| EXERCISE DIRECTIONS |
Only the lines from the one containing "MORE POPULAR; I" through the end of the material should be printed, exactly as they appear. Leave out pictures.

| AVAILABLE DATA |

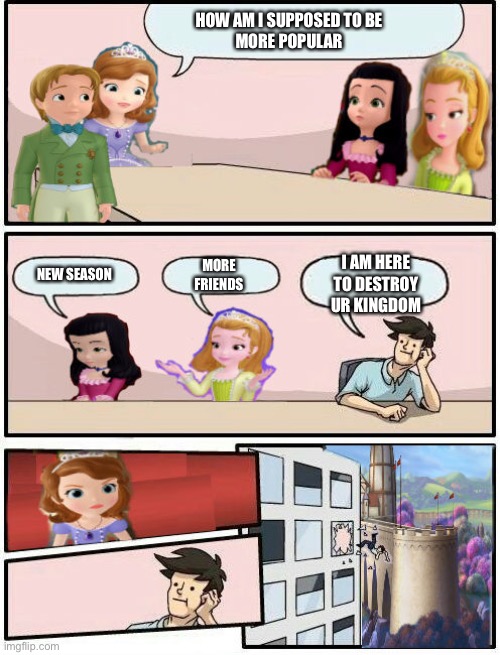 Wat | HOW AM I SUPPOSED TO BE
MORE POPULAR; I AM HERE TO DESTROY UR KINGDOM; MORE FRIENDS; NEW SEASON | image tagged in sofia the first boardroom meeting suggestion | made w/ Imgflip meme maker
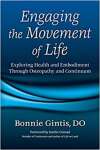 Engaging the Movement of Life: Exploring Health and Embodiment Through Osteopathy and Continuum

| TASK ANSWER |
MORE POPULAR; I AM HERE TO DESTROY UR KINGDOM; MORE FRIENDS; NEW SEASON | image tagged in sofia the first boardroom meeting suggestion | made w/ Imgflip meme maker
 Engaging the Movement of Life: Exploring Health and Embodiment Through Osteopathy and Continuum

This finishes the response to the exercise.